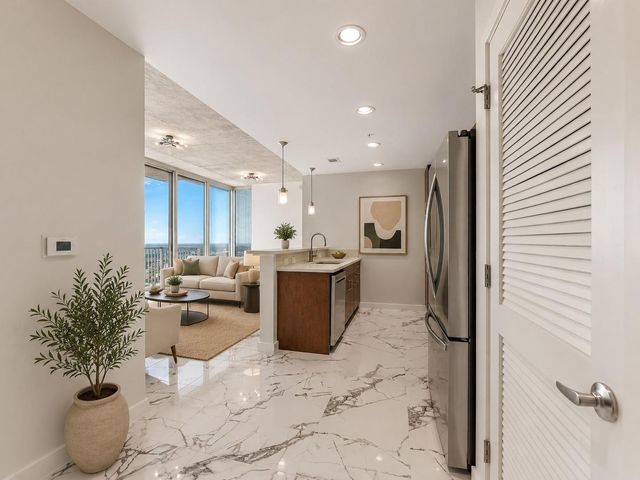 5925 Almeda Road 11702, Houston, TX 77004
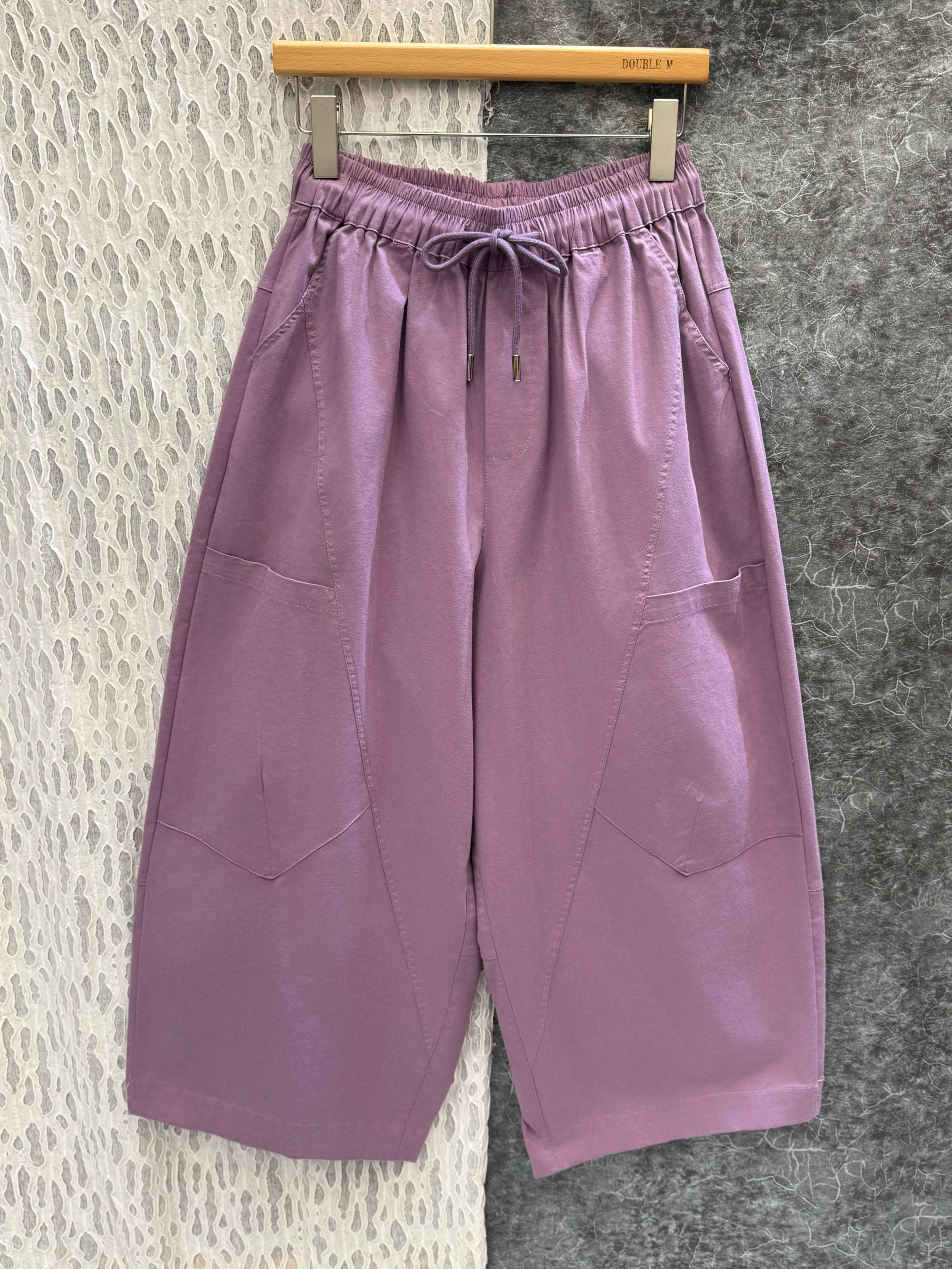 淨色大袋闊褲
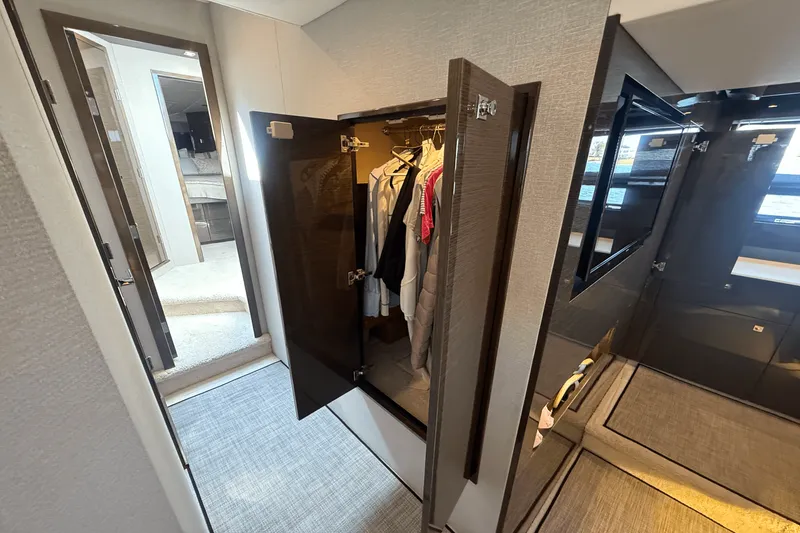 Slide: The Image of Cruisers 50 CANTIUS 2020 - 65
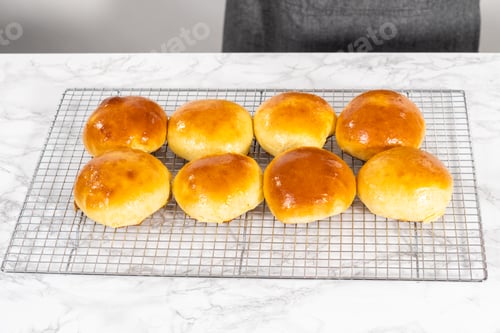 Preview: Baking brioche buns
==
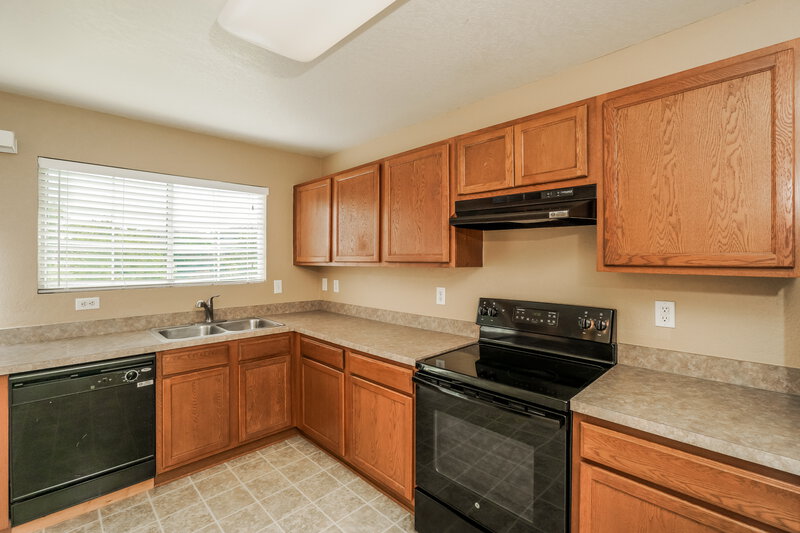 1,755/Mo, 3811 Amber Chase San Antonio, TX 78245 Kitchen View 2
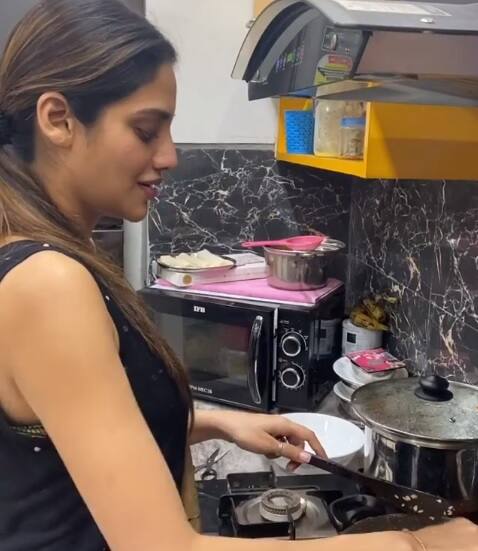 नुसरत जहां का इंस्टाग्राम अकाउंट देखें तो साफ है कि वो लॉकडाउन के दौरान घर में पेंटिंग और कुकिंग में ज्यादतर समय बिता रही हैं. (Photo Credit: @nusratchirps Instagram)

What is expected. Return exactly the lines that appear in the data above between the line containing "1,755/Mo, 3811 Amber" and the line containing "नुसरत जहां का", both of which are included, and leave the pictures out.

Result of this exercise.
 1,755/Mo, 3811 Amber Chase San Antonio, TX 78245 Kitchen View 2
 नुसरत जहां का इंस्टाग्राम अकाउंट देखें तो साफ है कि वो लॉकडाउन के दौरान घर में पेंटिंग और कुकिंग में ज्यादतर समय बिता रही हैं. (Photo Credit: @nusratchirps Instagram)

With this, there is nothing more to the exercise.